En fait, j’étais face à moi-même, devant l’océan dit “Pacifique” au nom mal approprié à notre mission et j’en étais à me remettre en mémoire mes tourments, mes soupirs, mes inquiétudes et curieusement je me libérais aussi de mes peurs cachées et du supplices des doutes qui ne me quittaient jamais.
Le cri d’un oiseau marin s’élevait au dessous du flux et du reflux du ressac, le vent se levait et s’imposait comme une respiration salutaire et bienvenue, l’horizon semblait proche et l’impression forte d’être nulle part et ailleurs en même temps, m’envahissait d’un sentiment aussi inexpliqué qu’inattendu, une sensation réellement inconfortable.

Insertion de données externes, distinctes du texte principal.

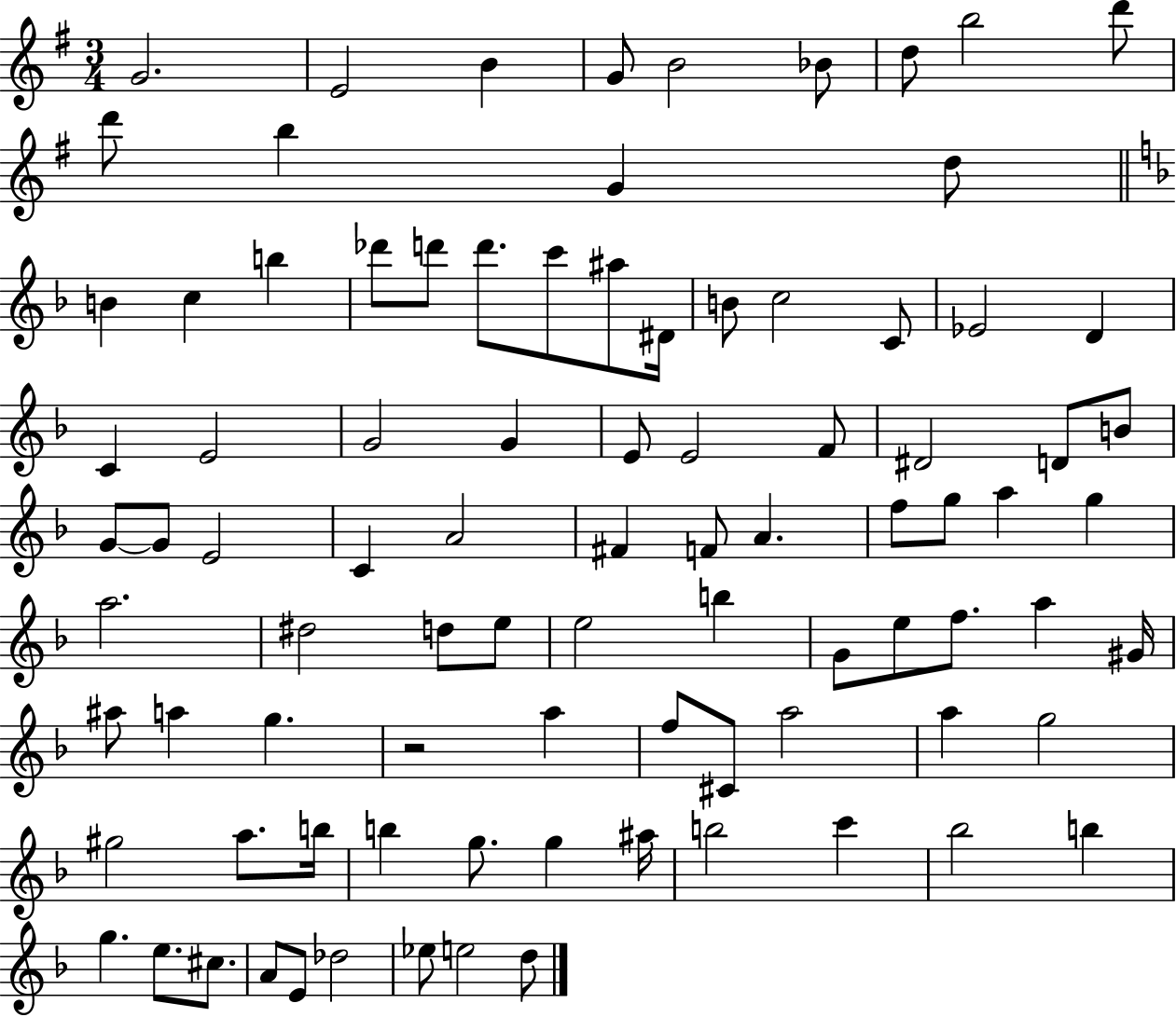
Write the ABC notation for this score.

X:1
T:Untitled
M:3/4
L:1/4
K:G
G2 E2 B G/2 B2 _B/2 d/2 b2 d'/2 d'/2 b G d/2 B c b _d'/2 d'/2 d'/2 c'/2 ^a/2 ^D/4 B/2 c2 C/2 _E2 D C E2 G2 G E/2 E2 F/2 ^D2 D/2 B/2 G/2 G/2 E2 C A2 ^F F/2 A f/2 g/2 a g a2 ^d2 d/2 e/2 e2 b G/2 e/2 f/2 a ^G/4 ^a/2 a g z2 a f/2 ^C/2 a2 a g2 ^g2 a/2 b/4 b g/2 g ^a/4 b2 c' _b2 b g e/2 ^c/2 A/2 E/2 _d2 _e/2 e2 d/2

La mer, dit-on, ce n’est que de l’eau salée venue des nuages, voici une éternité, du temps où la terre ardente commençait à se refroidir. Mais celui qui se trouve devant elle, comme moi aux premières lueurs de l’aube, quand le soleil commence à peser lourd sur la houle sait bien à quoi s’en tenir. Il sait que l’homme quoi qu’il puisse inventer ou créer n’y a plus sa place aujourd’hui, il en a fait un monde stérile et absurde. Il ne parviendra plus, même par miracle, à s’attendrir devant cette vie qui vient du fond des mers, enigme obsédant qui n'a pas trouvé de réponse.
Le ciel s’était perdu, il se cachait et se laissait aspirer par l’Océan, tous deux apparaîssaient dans une couleur unique, la marée montante murmurait son approche de la terre, je n'était curieusement pas seul.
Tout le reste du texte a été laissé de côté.